The most notable, and fascinating aspect of this breed, besides having great endurance, is that the horses are marked with small horn-like knobs on their foreheads.
This is my version of this very special horse. However, instead of 'horn-like-knobs', my-Moyle has fully developed horns . . . just to make the point.  

I named him "Rex the Wonder Horse", after Rex Moyle, and Rex Allen who became known as the "Last of the Silver Screen Cowboys" and his "Wonder Horse, KoKo".
(I know, I know . . . it's complicated, but Rex seemed to fit)

A wooden horse covered in bits of wallpaper from the 1920's, and embellished with bits and bling, making him a beautiful carousel horse. The wooden dowel that suspends the horse is topped with a gold knob and is covered in colorful ribbons.
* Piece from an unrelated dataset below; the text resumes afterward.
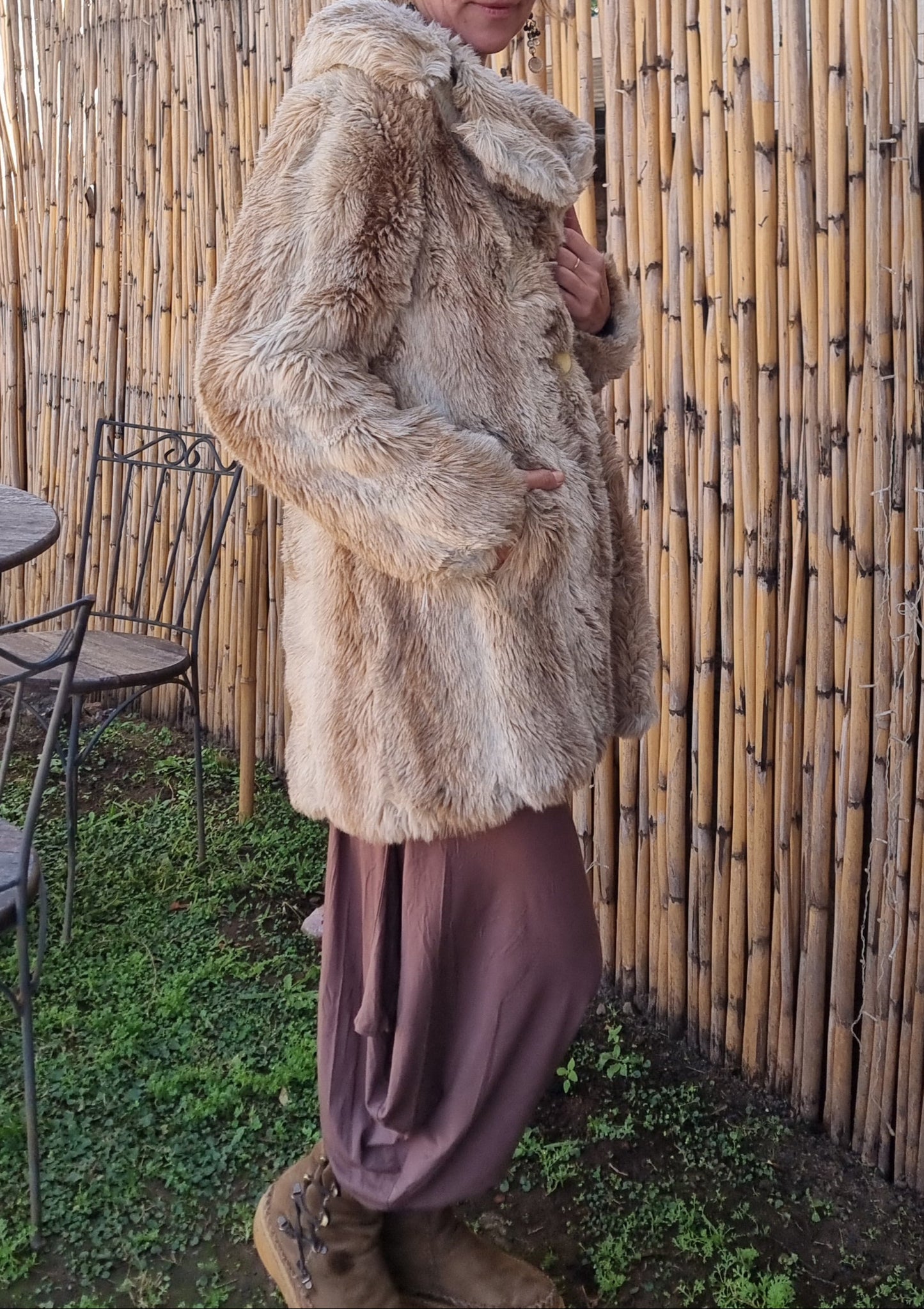 Ancienne Bespoke Coat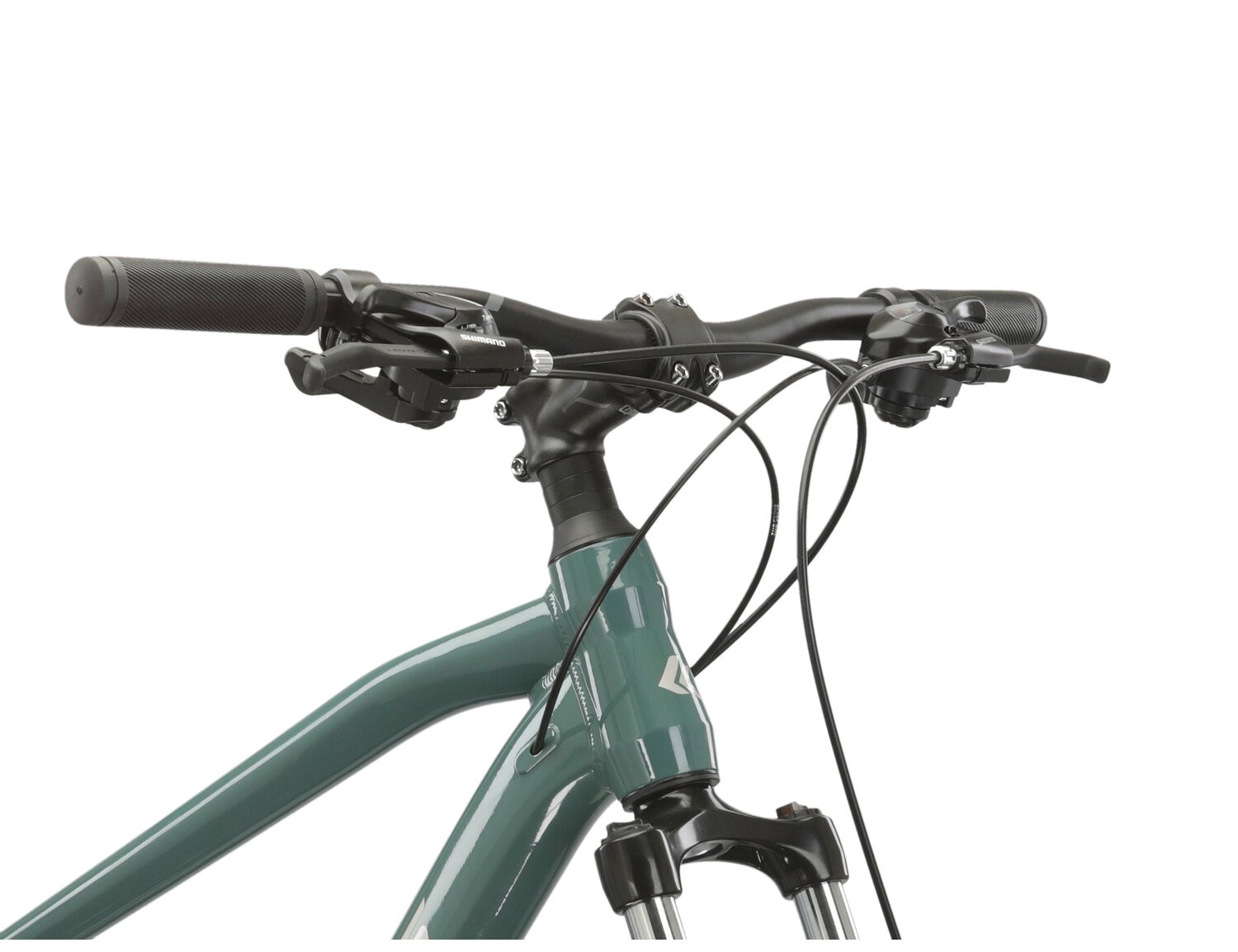 KROSS Hexagon 20 gre-sil g kalnų MTB dviratis 275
The dowel is attached to a vintage cutting board that has been covered in tissue papers. A metal measuring tape with beautiful patina, outlines the board's outer edge. The board sits on 4 colorful wooden beads attached on its underside.

If you are interested in more info , here is a link to MoyleHorse 
And this is a link to a photo of a horse with 'nubs' for horns

Tuesday, July 9, 2013


Never try to teach a pig to sing
it wastes your time
and it annoys the pig 

I have heard this quote repeated many times in my life and it always makes me laugh.

In putting this piece together I wondered what the origin of the saying was. Many online sources say it was science fiction writer Robert Heinlein who coined the phrase.  Others, attribute it to, of all people, Mark Twain. Still a whole group of other sources insist it is urban folklore.

Although I am a strong believer that we can do most anything we set our minds to do, I also believe that there are some things one cannot change no matter how hard you try, and that continued efforts might cause the subject of your efforts to revolt. 

Teaching a pig to sing might be akin to trying to teach a cat to fetch. 

At some point we all need to know when to accept the nature of things, and understand that there are some outcomes we can influence and bring change to, and that there are other things that are not capable of being changed or altered.

With that said, I will add that all is not lost . . . my husband did teach our cat LUCI to fetch.
Well sort of . . . Luci fetches only when he is in the mood to fetch  . . . but that's a start.  

 That makes me laugh, too.

A wooden game board is covered front and back in bits of papers and tissues. Scrabble tiles spell out the quote, and a ceramic pig shows a little attitude.